Linked Lists

A linked list is a basic data structure that provides a way to associate related content. At a basic level, linked lists provide the same functionality as an array. That is, the ability to insert, retrieve, update and remove related items. However, if properly implemented, linked lists can provide additional flexibility. Since objects are managed independently (instead of contiguously - as with an array), lists can prove useful when dealing with large datasets.

How it works

In its basic form, a linked list is comprised of a key and an indicator. The key represents the data you would like to store such as a string or scalar value. Typically represented by a pointer, the indicator stores the location (also called the address) of where the next item can be found. Using this technique, you can chain seemingly independent objects together.

The Data Structure

Here's an example of a "doubly" linked list structure written in Swift. In addition to storing a key, the structure also provides pointers to the next and previous items. Using generics, the structure can also store any type of object and supports nil values. The concept of combining keys and pointers to create structures not only applies to linked lists, but to other items like tries, queues and graphs.

//generic doubly linked list structure 
class LLNode<T> {
    var key: T?
    var next: LLNode?
    var previous: LLNode?
}

Using Optionals

When creating algorithms its good practice to set your class properties to nil before they are used. Like with app development, nil can be used to determine missing values or to predict the end of a list. Swift helps enforce this best-practice at compile time through a new paradigm called optionals. For example, the function printAllKeys employs an implicit unwrapped optional (e.g., current) to iterate through linked list items.

//print all keys for the class
func printAllKeys() {
    var current: LLNode! = head;
    //assign the next instance
    while (current != nil) {
        println("link item is: \(current.key)")
        current = current.next
    }
}

Adding Links

Here's a simple function that creates a doubly linked list. The method addLink creates a new item and appends it to the list. The Swift generic type contraint <T: Equatable> is also defined to ensure instances conform to a specific protocol.

public class LinkedList<T: Equatable> {

    //create a new LLNode instance
    private var head: LLNode<T> = LLNode<T>()

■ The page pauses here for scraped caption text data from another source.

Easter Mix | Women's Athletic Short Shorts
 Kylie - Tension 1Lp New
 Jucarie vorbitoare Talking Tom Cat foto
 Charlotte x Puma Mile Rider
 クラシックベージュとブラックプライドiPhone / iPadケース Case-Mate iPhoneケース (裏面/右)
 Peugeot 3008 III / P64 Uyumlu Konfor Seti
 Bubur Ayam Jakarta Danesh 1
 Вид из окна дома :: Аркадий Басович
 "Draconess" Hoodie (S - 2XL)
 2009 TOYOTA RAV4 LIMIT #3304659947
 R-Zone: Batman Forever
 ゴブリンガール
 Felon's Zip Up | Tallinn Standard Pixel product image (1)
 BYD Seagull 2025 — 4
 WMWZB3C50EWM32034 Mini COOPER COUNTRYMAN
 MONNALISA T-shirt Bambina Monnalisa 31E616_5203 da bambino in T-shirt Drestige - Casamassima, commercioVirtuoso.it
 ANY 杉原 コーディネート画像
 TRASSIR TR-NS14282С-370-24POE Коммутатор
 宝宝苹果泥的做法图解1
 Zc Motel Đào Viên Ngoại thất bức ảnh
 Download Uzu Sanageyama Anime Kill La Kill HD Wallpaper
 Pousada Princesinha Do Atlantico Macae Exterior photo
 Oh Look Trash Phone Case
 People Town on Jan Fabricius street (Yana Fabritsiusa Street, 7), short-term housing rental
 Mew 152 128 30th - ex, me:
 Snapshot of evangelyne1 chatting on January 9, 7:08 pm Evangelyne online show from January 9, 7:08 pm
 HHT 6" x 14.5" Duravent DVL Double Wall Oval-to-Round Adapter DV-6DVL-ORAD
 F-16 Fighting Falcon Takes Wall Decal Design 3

    //append a new item to a linked list
    func addLink(key: T) {
        //establish the head node
        if (head.key == nil) {
            head.key = key;
            return;
        }
        //establish the iteration variables
        var current: LLNode? = head
        while (current != nil) {
            if (current?.next == nil) {
                var childToUse: LLNode = LLNode<T>()
                childToUse.key = key;
                childToUse.previous = current
                current!.next = childToUse;
                break;
            }
            current = current?.next
        } //end while
    } ///end function

Removing Links

Conversely, here's an example of removing items from a list. Removing links not only involves reclaiming memory (for the deleted item), but also requires reassigning links so the chain remains unbroken.

    //remove a link at a specific index
    func removeLinkAtIndex(index: Int) {
        var current: LLNode<T>? = head
        var trailer: LLNode<T>?
        var listIndex: Int = 0

        //determine if the removal is at the head
        if (index == 0) {
            current = current?.next
            head = current!
            return
        }

        //iterate through the remaining items
        while (current != nil) {
            if (listIndex == index) {
                //redirect the trailer and next pointers
                trailer!.next = current?.next
                current = nil
                break;
            }

            //update the assignments
            trailer = current
            current = current?.next
            listIndex++
        } //end while
    } //end function

Counting Links

When implemented, it can also be convenient to count items. In Swift, this can be expressed as a computed property. For example, the following technique will allow a linked list instance to use a dot notation. (e.g., someList.count)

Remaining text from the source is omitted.